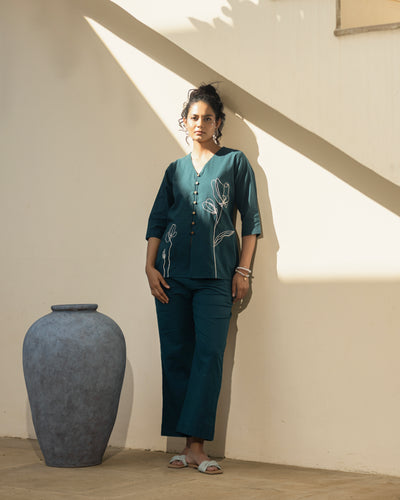 Woman in teal outfit standing next to a large vase in a sunlit room
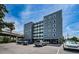 Daytime angle shot showcasing the condo building's architecture, parking, and surrounding landscape at 841 4Th N Ave # 21, St Petersburg, FL 33701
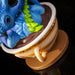 Closeup of mug of tea with blue and green dragon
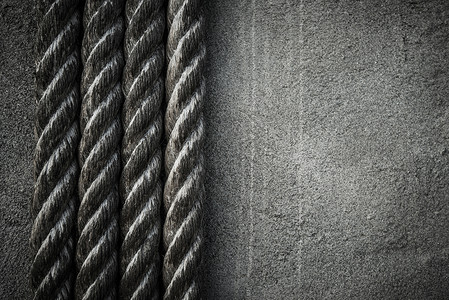 黑色和白色的四根绳索背景背景图片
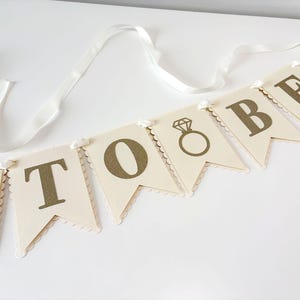 May include: A banner with the words "TO BE" in gold lettering, with a diamond ring graphic on the first and third flags. The flags are cream-colored with scalloped edges and are strung on a white ribbon.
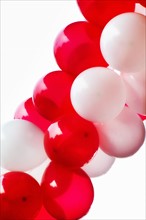 Red and white balloons on white background, studio shot.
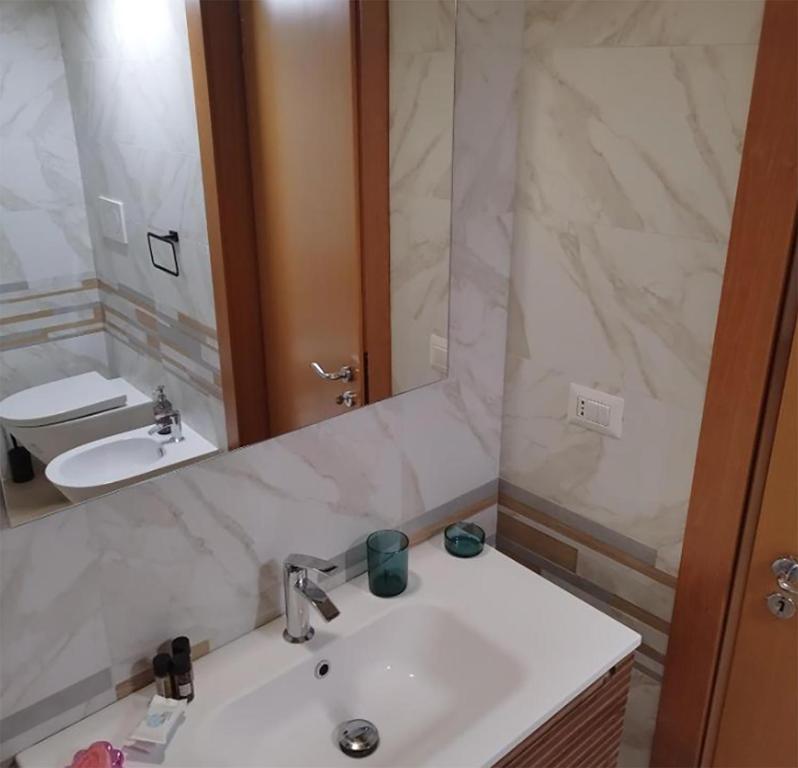 a bathroom with a sink and a mirror at Matī Guest House in Latiano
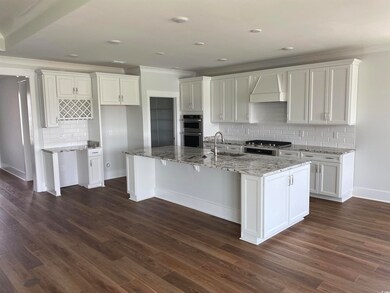 Kitchen with dark hardwood / wood-style flooring, 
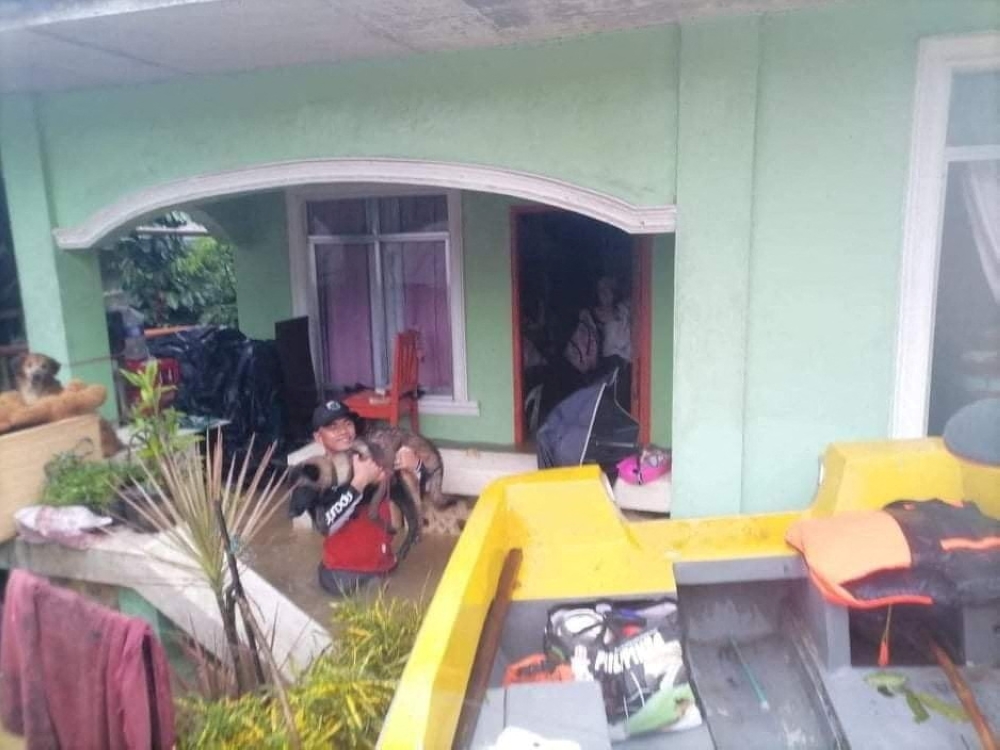 A rescuer carries a dog amidst flooding, after the tropical storm Megi hit, in Capiz, Philippines April 12, 2022. Picture taken April 12, 2022. Philippine Coast Guard/Handout via Reuters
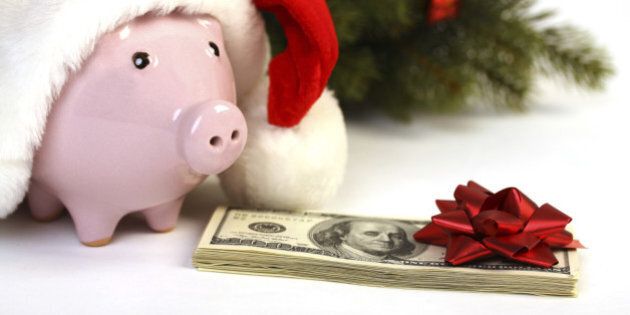 Part of piggy bank with Santa Claus hat and stack of money american hundred dollar bills with red bow and christmas tree standing on white background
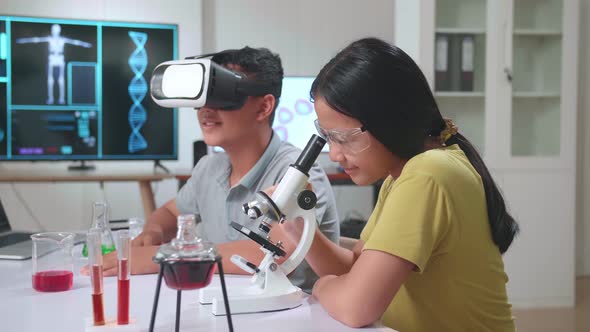 Asian Boy And Girl Learning Science Experiment In Laboratory. Study With VR Headset And A Microscope alt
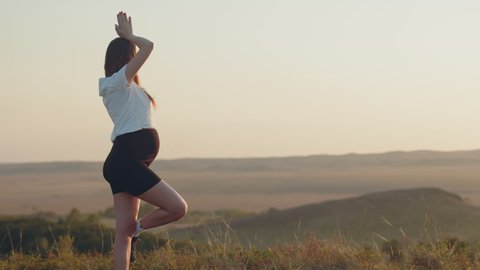 White pregnant woman in sports clothes is doing yoga outdoor, back view. Concept of mother and child health and meditation practices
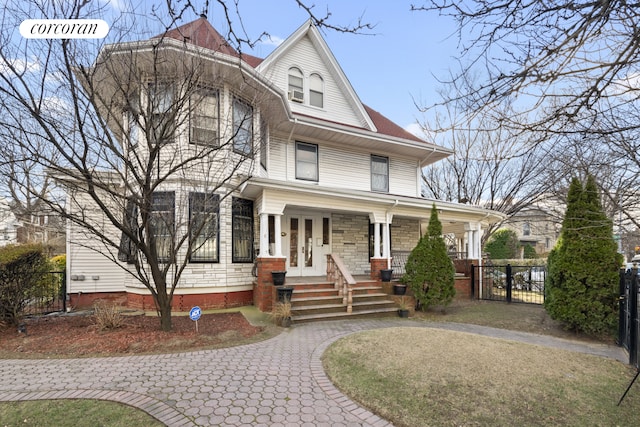 victorian house featuring a porch, a gate, fence, and stone siding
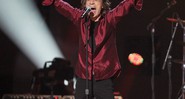 Mick Jagger desfilou toda sua habilidade como dançarino em "Jumpin' Jack Flash" - AP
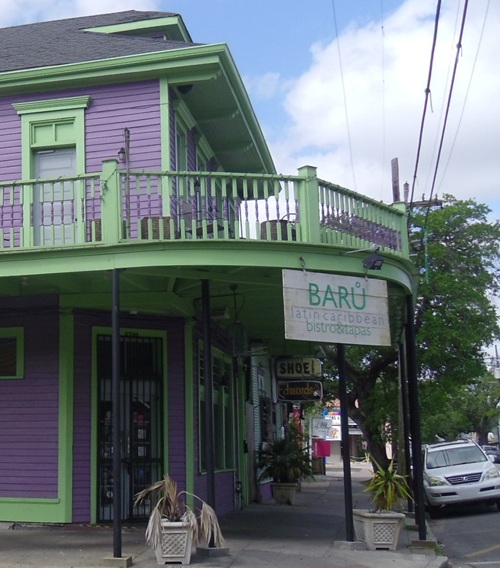 hanging sign on corner above colorful restaurant entrance hanging sign on corner above colorful restaurant entrance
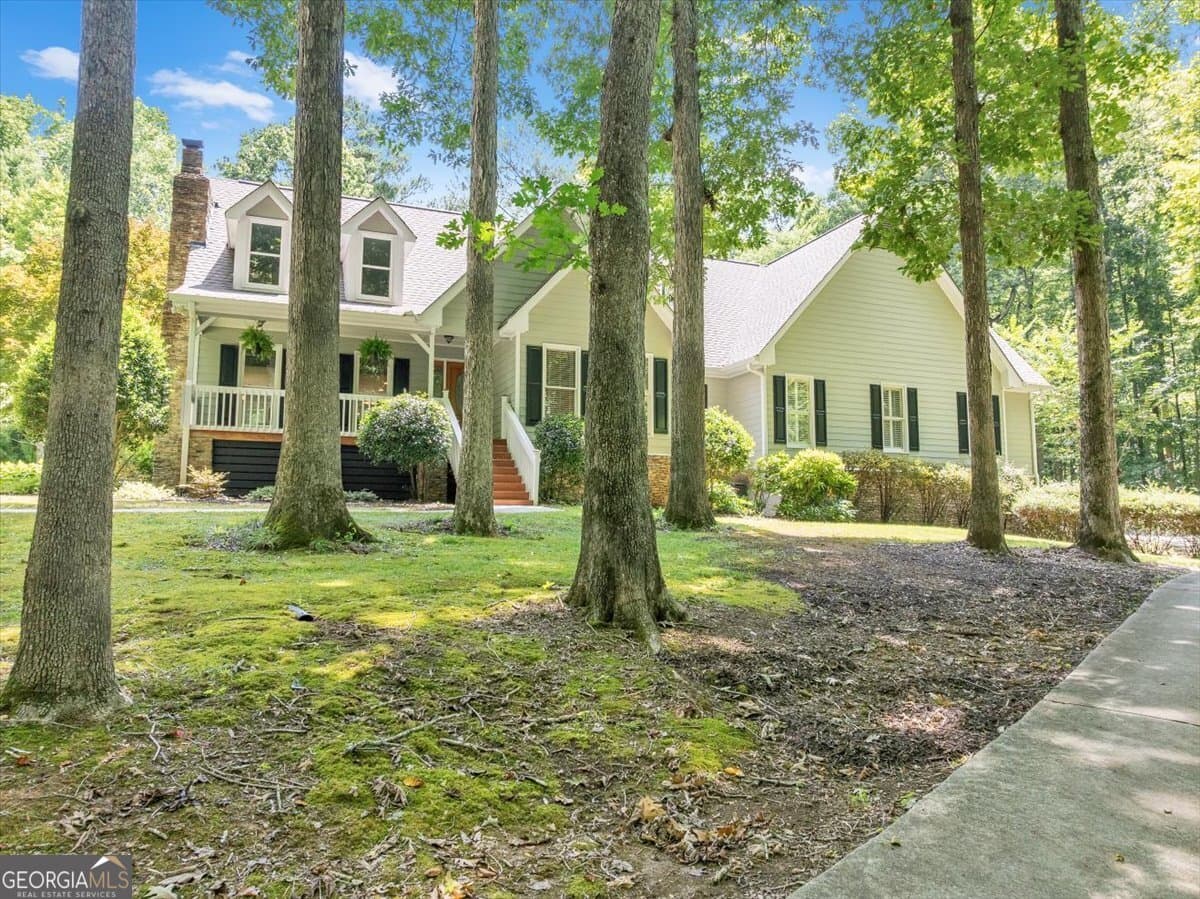 4 bedroom, 3 bathroom, 4,713 sq ft single family residence for sale at 1251 South Trace, Rutledge, GA 30663 — photo 2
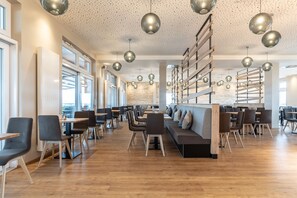 Un restaurante moderno con suelo de madera, asientos negros y grises, e iluminación colgante.
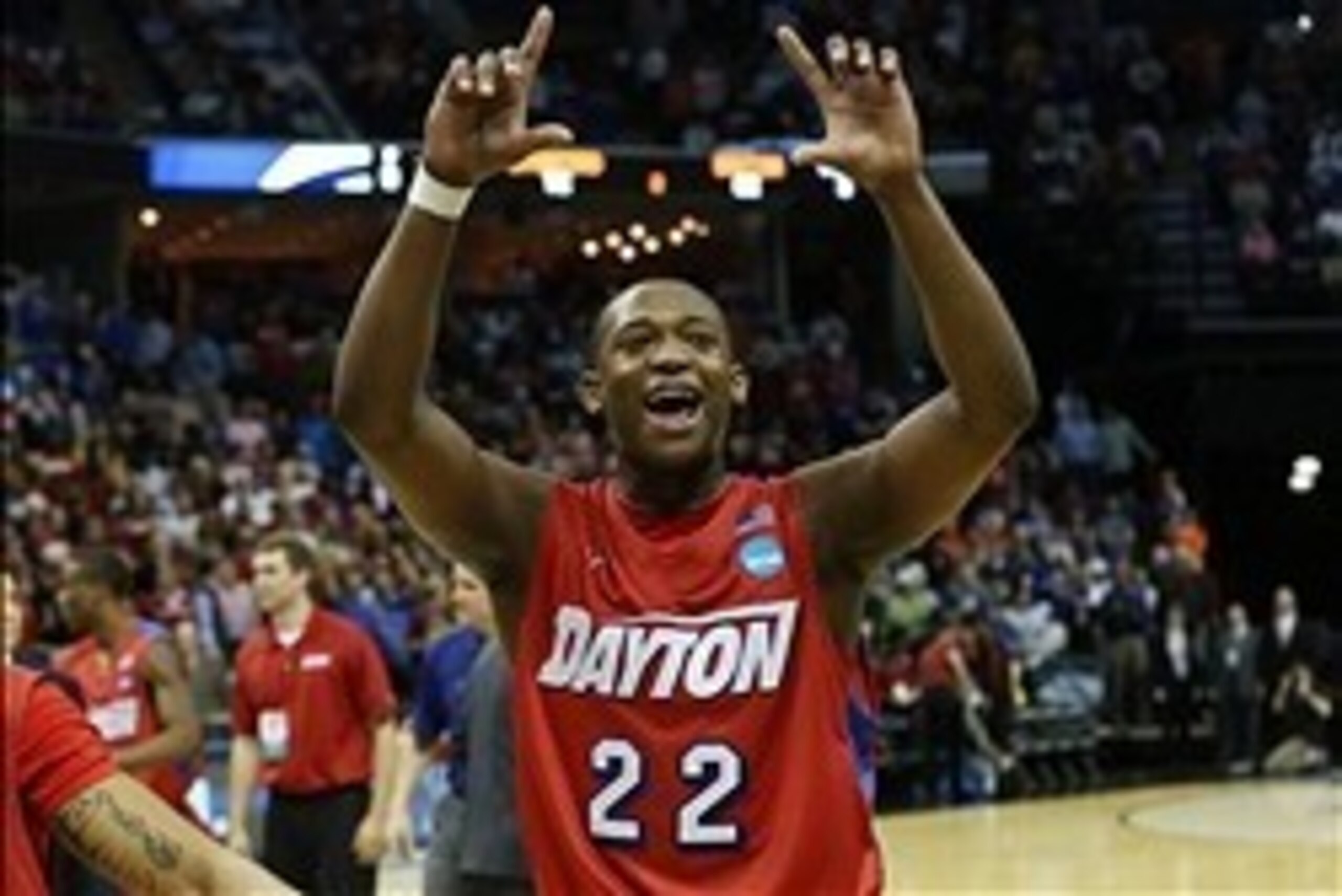 Mar 27, 2014; Memphis, TN, USA; Dayton Flyers forward Kendall Pollard (22) celebrates after defeating the Stanford Cardinal 82-72 in the semifinals of the south regional of the 2014 NCAA Mens Basketball Championship tournament at FedExForum. Mandatory Cre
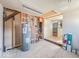 Bright utility room shows water heater with access to the living space at 6616 W Thompson Rd, Indianapolis, IN 46241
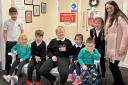 Harlan, Freya, Rory, Zac, Abigail, Caleb, Emilia and Mrs Hamilton testing the buddy bench donated by the Thistles to Alva PS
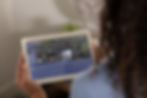 Homeowner using a tablet to control smart home automation including lighting, security, climate, and motorized shades through an integrated control system.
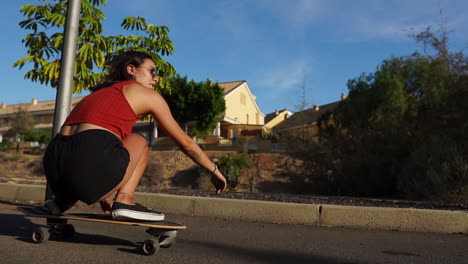 Summer's-essence-unfolds-as-a-young-woman-rides-a-longboard-near-palm-trees-in-slow-motion,-attired-in-shorts-and-sneakers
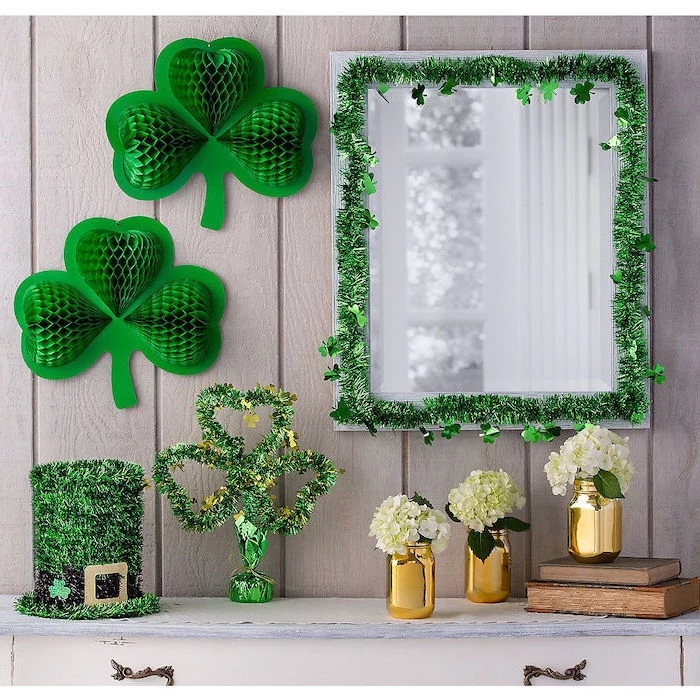 mirror hanging over a cupboard, decorated with green garlands, green paper shamrocks on the wall, st patrick's day decorations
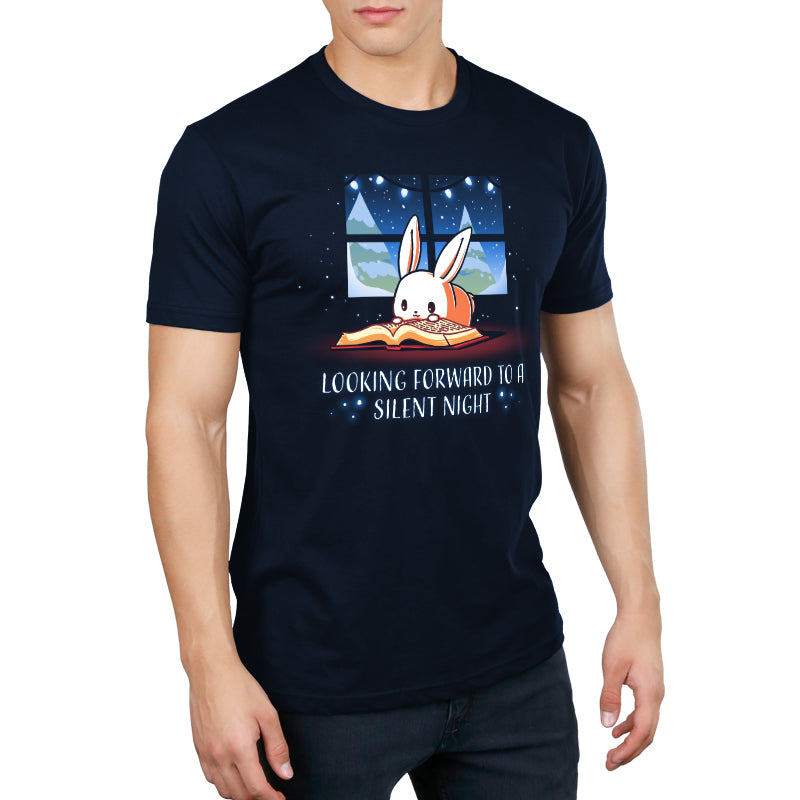 A person wearing a super soft ringspun cotton navy blue monsterdigital T-shirt featuring a cartoon bunny peeking from a window next to a book, with the text "Looking Forward to a Silent Night". This unisex tee promises both comfort and style.
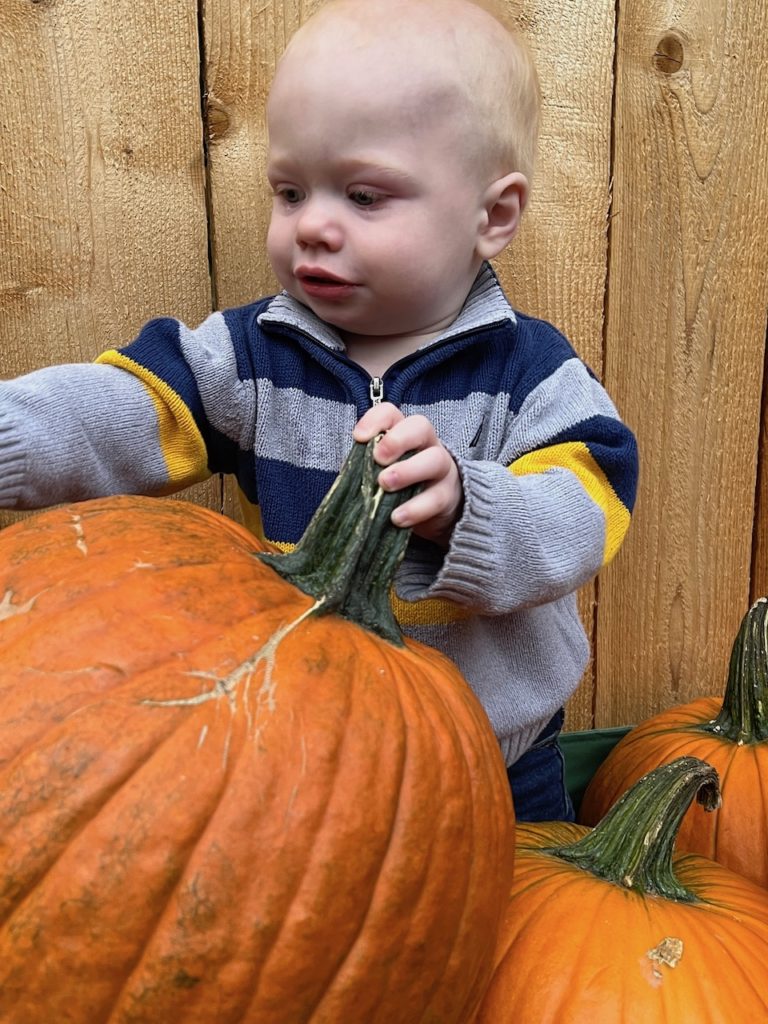 Baby with pumpkins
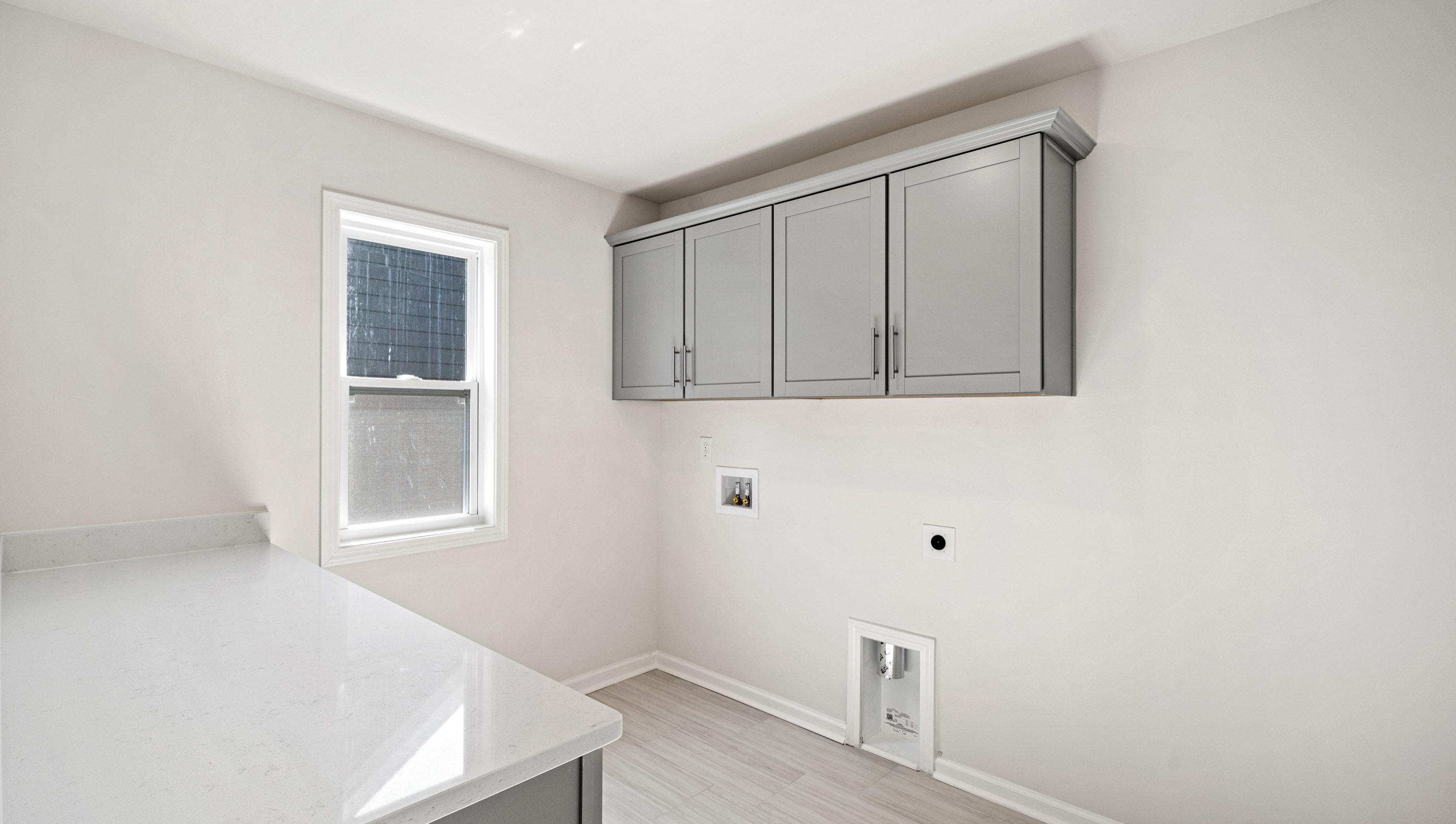 ;laundry room with window.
_____
> _Exercise_
Every record should come back exactly as it is, though none of the pictures should.

> _Worked solution_
 Woman in teal outfit standing next to a large vase in a sunlit room
 Daytime angle shot showcasing the condo building's architecture, parking, and surrounding landscape at 841 4Th N Ave # 21, St Petersburg, FL 33701
 Closeup of mug of tea with blue and green dragon
 黑色和白色的四根绳索背景背景图片
 May include: A banner with the words "TO BE" in gold lettering, with a diamond ring graphic on the first and third flags. The flags are cream-colored with scalloped edges and are strung on a white ribbon.
 Red and white balloons on white background, studio shot.
 a bathroom with a sink and a mirror at Matī Guest House in Latiano
 Kitchen with dark hardwood / wood-style flooring, 
 A rescuer carries a dog amidst flooding, after the tropical storm Megi hit, in Capiz, Philippines April 12, 2022. Picture taken April 12, 2022. Philippine Coast Guard/Handout via Reuters
 Part of piggy bank with Santa Claus hat and stack of money american hundred dollar bills with red bow and christmas tree standing on white background
 Asian Boy And Girl Learning Science Experiment In Laboratory. Study With VR Headset And A Microscope alt
 White pregnant woman in sports clothes is doing yoga outdoor, back view. Concept of mother and child health and meditation practices
 victorian house featuring a porch, a gate, fence, and stone siding
 Mick Jagger desfilou toda sua habilidade como dançarino em "Jumpin' Jack Flash" - AP
 hanging sign on corner above colorful restaurant entrance hanging sign on corner above colorful restaurant entrance
 4 bedroom, 3 bathroom, 4,713 sq ft single family residence for sale at 1251 South Trace, Rutledge, GA 30663 — photo 2
 Un restaurante moderno con suelo de madera, asientos negros y grises, e iluminación colgante.
 Mar 27, 2014; Memphis, TN, USA; Dayton Flyers forward Kendall Pollard (22) celebrates after defeating the Stanford Cardinal 82-72 in the semifinals of the south regional of the 2014 NCAA Mens Basketball Championship tournament at FedExForum. Mandatory Cre
 Bright utility room shows water heater with access to the living space at 6616 W Thompson Rd, Indianapolis, IN 46241
 Harlan, Freya, Rory, Zac, Abigail, Caleb, Emilia and Mrs Hamilton testing the buddy bench donated by the Thistles to Alva PS
 Homeowner using a tablet to control smart home automation including lighting, security, climate, and motorized shades through an integrated control system.
 Summer's-essence-unfolds-as-a-young-woman-rides-a-longboard-near-palm-trees-in-slow-motion,-attired-in-shorts-and-sneakers
 mirror hanging over a cupboard, decorated with green garlands, green paper shamrocks on the wall, st patrick's day decorations
 A person wearing a super soft ringspun cotton navy blue monsterdigital T-shirt featuring a cartoon bunny peeking from a window next to a book, with the text "Looking Forward to a Silent Night". This unisex tee promises both comfort and style.
 Baby with pumpkins
 ;laundry room with window.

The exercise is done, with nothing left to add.